[[ Data open ]]

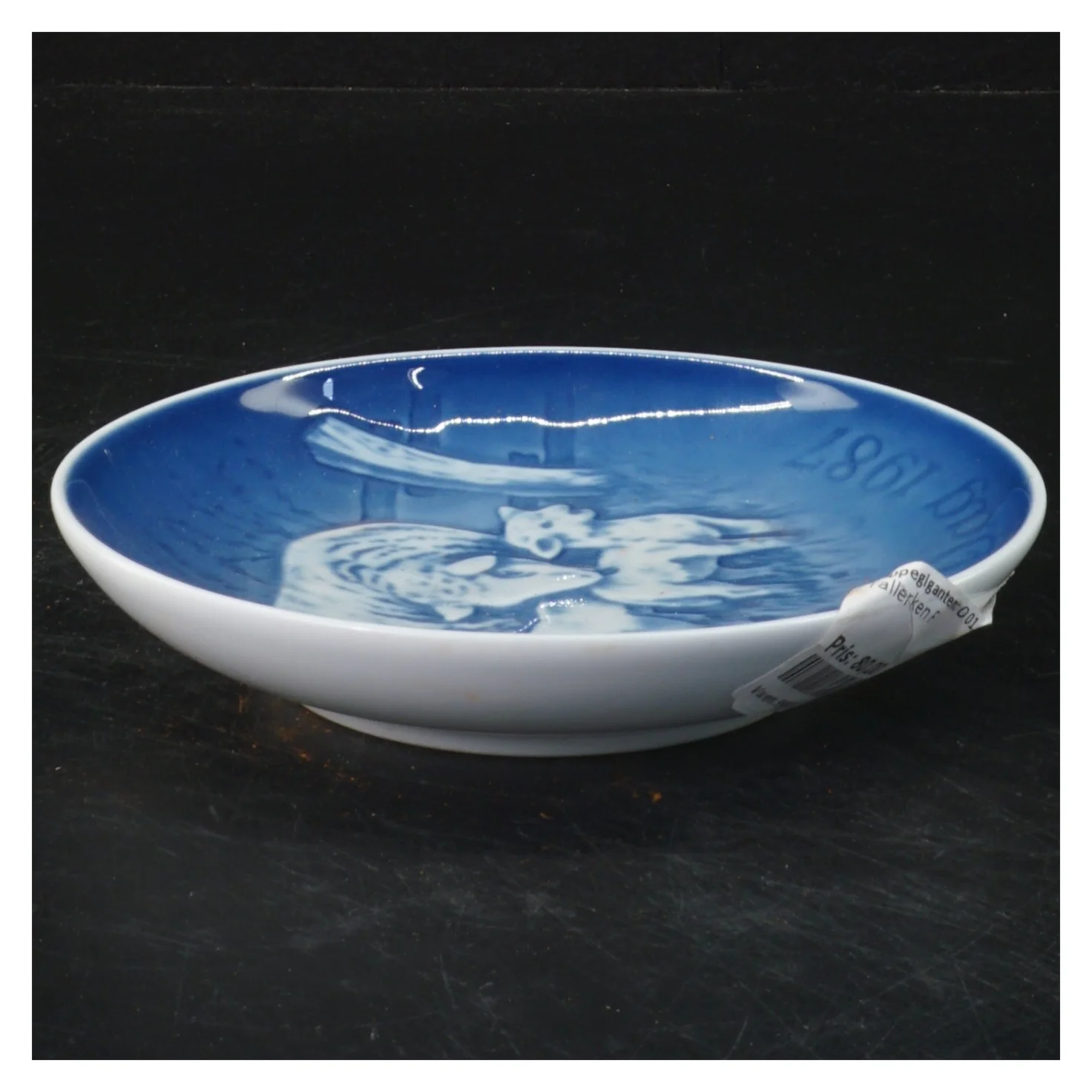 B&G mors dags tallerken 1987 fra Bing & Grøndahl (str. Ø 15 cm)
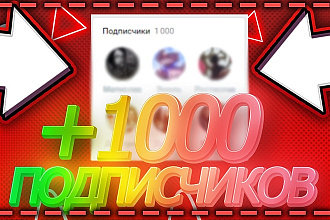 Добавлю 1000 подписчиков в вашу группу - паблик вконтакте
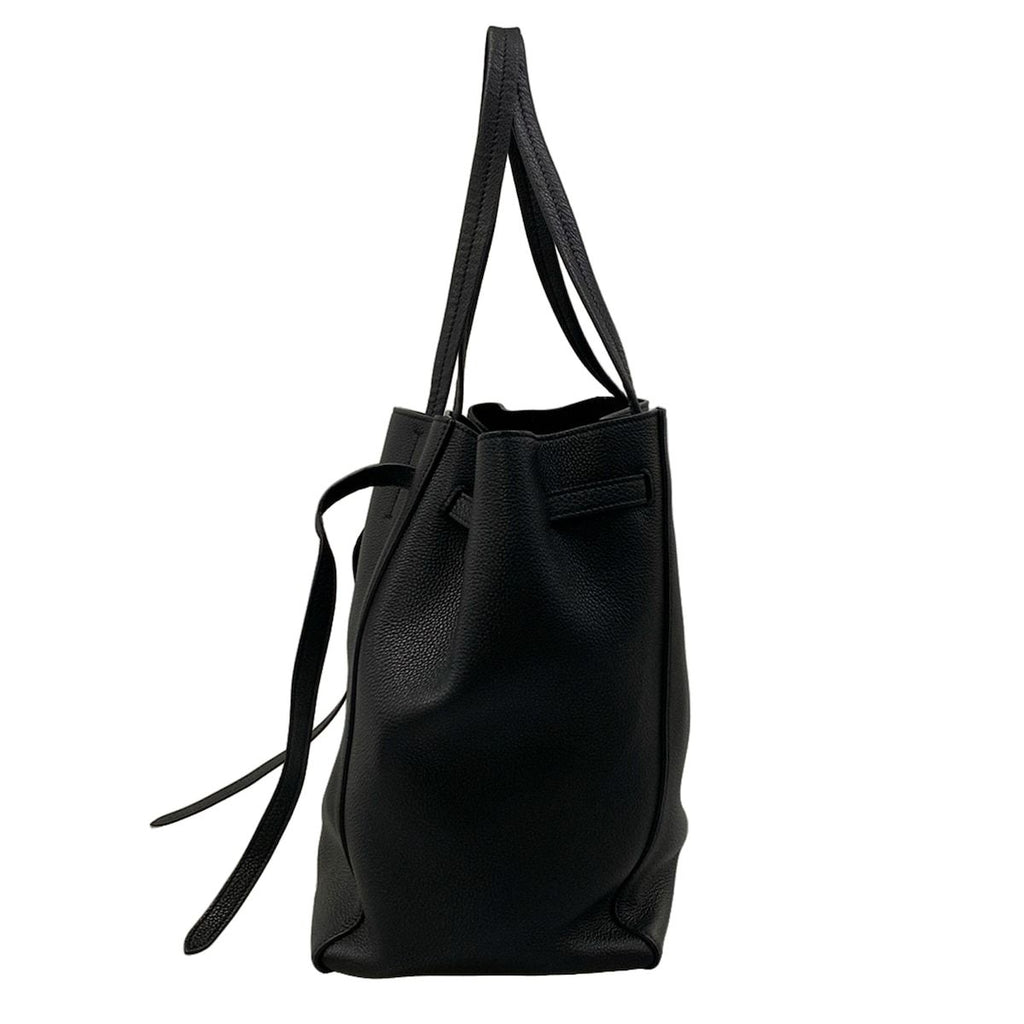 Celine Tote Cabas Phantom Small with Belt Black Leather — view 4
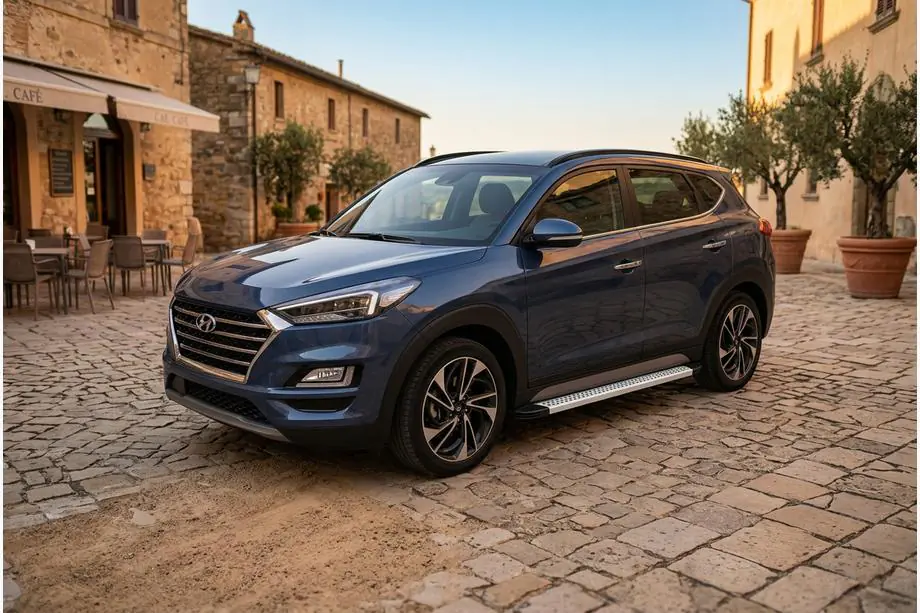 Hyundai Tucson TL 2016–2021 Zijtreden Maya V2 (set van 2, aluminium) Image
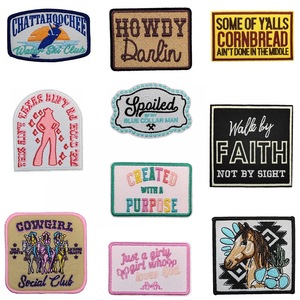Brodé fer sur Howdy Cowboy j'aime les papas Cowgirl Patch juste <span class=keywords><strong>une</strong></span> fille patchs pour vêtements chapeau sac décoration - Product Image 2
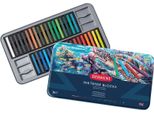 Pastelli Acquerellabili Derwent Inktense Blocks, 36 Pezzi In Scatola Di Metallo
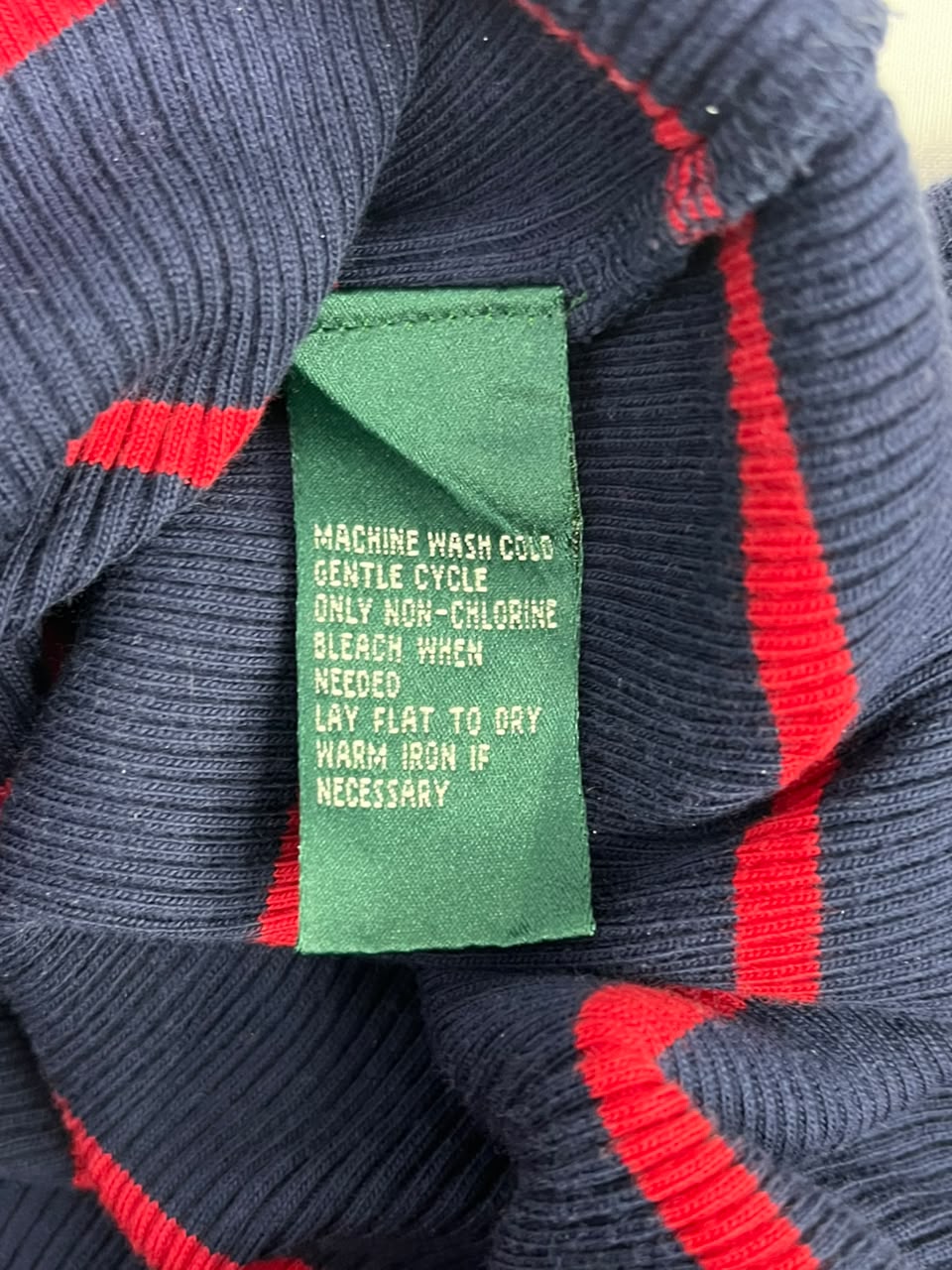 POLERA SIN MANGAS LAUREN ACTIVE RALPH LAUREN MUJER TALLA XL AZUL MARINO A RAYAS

[[ Data closed ]]

* _Your objective_
Your answer should hold only the lines from the line with "Brodé fer sur" through the closing line of the records, restated exactly and free of pictures.

* _Finished exercise_
Brodé fer sur Howdy Cowboy j'aime les papas Cowgirl Patch juste <span class=keywords><strong>une</strong></span> fille patchs pour vêtements chapeau sac décoration - Product Image 2
 Pastelli Acquerellabili Derwent Inktense Blocks, 36 Pezzi In Scatola Di Metallo
 POLERA SIN MANGAS LAUREN ACTIVE RALPH LAUREN MUJER TALLA XL AZUL MARINO A RAYAS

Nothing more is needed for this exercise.